As school has begun I’ve begun to notice a certain new boy in my class… (cue the thumping of hearts, fluttering of butterflies.)
He’s an international student and there’s something about his dedication to his studies and his quiet nature that draws me in (you know, me being a nerd and all). And who could forget his beautiful smile? I want to become his friend so that I can see if this has a chance of getting anywhere. I’ve tried talking to him a few times but it’s tough because we only have two classes together and both of the classes leave no time for chatting. We also are in completely different friend groups so you can see how difficult it can be. When I ask him questions he gives me detailed answers but he doesn’t ask me anything back. I haven’t given up because the fact that he answers with interest shows that at least he doesn’t think that I’m some kind of a nuisance. That’s why I’m emailing you, Auntie. Could you give me some advice on how I can get to know this person and potentially become friends with them?
Sure can, Sparkler!
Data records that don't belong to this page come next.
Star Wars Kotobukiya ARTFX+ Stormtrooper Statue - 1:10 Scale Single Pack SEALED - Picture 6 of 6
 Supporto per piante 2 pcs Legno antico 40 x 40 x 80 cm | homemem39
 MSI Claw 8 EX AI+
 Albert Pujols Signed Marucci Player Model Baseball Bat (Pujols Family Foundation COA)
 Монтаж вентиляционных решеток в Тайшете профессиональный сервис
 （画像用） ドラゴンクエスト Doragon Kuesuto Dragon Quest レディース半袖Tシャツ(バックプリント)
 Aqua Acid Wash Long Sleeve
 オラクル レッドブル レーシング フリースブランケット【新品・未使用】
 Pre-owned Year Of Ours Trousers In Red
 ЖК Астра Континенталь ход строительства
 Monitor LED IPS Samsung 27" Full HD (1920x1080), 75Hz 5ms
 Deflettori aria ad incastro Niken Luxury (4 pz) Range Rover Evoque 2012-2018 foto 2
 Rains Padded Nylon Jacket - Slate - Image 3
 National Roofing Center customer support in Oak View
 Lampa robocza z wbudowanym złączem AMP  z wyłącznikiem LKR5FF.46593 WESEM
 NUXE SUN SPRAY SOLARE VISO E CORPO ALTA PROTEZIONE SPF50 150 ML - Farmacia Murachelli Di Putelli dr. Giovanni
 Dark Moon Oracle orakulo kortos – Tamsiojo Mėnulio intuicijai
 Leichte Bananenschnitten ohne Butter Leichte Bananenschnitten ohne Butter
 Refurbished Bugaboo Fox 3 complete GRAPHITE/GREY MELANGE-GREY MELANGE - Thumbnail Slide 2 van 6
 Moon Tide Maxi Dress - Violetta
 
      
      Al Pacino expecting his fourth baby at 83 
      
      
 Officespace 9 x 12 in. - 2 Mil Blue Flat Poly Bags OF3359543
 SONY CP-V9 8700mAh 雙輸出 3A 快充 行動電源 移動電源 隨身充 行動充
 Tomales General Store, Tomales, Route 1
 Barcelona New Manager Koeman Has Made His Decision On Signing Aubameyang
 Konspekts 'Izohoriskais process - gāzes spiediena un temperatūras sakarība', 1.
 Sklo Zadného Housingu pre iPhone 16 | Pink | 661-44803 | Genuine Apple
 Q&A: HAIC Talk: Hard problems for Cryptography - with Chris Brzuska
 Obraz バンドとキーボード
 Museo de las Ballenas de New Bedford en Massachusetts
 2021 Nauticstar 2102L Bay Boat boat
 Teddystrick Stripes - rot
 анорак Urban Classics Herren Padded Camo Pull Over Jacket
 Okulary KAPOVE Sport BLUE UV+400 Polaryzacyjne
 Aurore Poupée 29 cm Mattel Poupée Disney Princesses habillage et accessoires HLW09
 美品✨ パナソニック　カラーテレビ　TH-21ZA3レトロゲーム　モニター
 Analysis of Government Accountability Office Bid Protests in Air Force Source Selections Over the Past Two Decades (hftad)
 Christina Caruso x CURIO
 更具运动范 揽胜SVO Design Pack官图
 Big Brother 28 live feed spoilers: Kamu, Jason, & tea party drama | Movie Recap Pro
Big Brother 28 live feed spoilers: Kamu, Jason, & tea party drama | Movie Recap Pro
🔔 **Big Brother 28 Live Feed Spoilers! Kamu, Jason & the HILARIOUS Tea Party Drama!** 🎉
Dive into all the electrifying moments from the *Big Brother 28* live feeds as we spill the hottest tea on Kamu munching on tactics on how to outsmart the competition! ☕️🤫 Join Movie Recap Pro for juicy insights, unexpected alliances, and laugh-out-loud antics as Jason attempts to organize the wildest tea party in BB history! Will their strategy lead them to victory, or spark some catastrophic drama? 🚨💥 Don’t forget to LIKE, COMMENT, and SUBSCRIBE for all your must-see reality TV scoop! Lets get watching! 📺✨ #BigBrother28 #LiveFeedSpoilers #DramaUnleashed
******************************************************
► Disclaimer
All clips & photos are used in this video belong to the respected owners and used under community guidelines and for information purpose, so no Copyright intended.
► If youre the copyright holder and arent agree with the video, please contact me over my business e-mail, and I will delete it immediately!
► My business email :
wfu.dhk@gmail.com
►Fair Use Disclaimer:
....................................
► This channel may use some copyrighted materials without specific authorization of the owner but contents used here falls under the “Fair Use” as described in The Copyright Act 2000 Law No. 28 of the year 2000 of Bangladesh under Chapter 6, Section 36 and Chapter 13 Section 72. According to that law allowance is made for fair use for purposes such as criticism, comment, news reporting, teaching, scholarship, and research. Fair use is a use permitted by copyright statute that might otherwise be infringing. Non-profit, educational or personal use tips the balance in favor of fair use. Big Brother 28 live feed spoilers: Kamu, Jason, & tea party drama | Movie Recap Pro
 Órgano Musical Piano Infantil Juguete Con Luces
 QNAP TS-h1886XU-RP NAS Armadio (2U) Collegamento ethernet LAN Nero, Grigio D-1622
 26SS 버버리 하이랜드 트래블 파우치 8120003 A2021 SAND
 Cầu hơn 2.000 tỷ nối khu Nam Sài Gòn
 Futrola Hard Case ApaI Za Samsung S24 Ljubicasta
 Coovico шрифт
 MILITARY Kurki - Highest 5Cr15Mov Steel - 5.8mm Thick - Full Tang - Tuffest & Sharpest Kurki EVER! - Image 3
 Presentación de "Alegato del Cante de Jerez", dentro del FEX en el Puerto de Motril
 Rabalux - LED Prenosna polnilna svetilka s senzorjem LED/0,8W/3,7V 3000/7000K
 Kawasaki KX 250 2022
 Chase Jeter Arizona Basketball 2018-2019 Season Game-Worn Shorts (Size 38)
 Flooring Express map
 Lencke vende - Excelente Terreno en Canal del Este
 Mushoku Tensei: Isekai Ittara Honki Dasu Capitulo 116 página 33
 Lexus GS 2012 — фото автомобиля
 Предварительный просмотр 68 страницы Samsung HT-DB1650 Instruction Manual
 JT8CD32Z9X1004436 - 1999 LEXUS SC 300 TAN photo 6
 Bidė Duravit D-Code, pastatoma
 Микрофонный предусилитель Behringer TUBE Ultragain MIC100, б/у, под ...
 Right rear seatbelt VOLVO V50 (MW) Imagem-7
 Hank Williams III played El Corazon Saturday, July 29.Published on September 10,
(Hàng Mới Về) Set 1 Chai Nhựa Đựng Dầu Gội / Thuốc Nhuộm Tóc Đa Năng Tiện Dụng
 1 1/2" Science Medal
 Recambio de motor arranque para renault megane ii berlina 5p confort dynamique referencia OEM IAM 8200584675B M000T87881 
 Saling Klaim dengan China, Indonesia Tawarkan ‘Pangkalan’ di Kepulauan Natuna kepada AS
But I must warn you: The advice I’m about to give you is kinda the worst. Not because it’s not useful, or because it won’t work—it is, and it will!—but because the hard part isn’t figuring out what to do. It’s having the courage to do it.
And by “it,” of course, I mean “opening your mouth and using your words to flirt your ding-dang face off.”
Which is terrifying, I know. But it is unequivocally your best option, and not just because your relationship will need a more fertile (read: flirty) foundation if it’s going to blossom beyond small talk about the latest chemistry lecture. The fact is, you’re interested in getting to know this guy not because you want to be his friend, but because you see it as a potential gateway to something more than friendly. And to that end, a little courage will take you a long way toward figuring out if romance is in the cards, and without having to go all the way through the process of becoming friends under false pretenses (which is a notorious recipe for disappointment, anyway.)
Unfortunately, in your case, I think that means you’ve gotta take the scary step of just asking the guy out—since you swim in such different social circles and aren’t being thrown together in, say, a club or sport or party environment that might let you take things to a more intimate level. The next time you have an opportunity to talk, ask him if he’s ever gone to [insert local, adorable cafe here], and whether he’d be interested in grabbing a coffee with you after school one day.
Again: Terrifying. Yes. It is. And if you really, truly can’t bring yourself to say it, then there is always the alternative of befriending him online and trying to strike up the kind of conversations over, say, Facebook messenger that you don’t have the time to have in person. But the thing about the big, scary overture is that you only have to make it once. One uncertain step, one moment of fear, and you’ll get all the information you need as to whether this guy is interested in spending time with you or not. And if he says no? Then that’s a bummer, for sure, but at least you won’t have wasted your time trying to incrementally finesse your way into a relationship that was never going to happen—and on the other hand, if he says yes, then think how fun that will be!
So, here is my advice: Gird your loins, ask the question, and hope for the best (albeit while preparing yourself to be gracious if the answer is no.) We’ll keep our fingers crossed for you. And for the love of everything, write back and let us know what happened!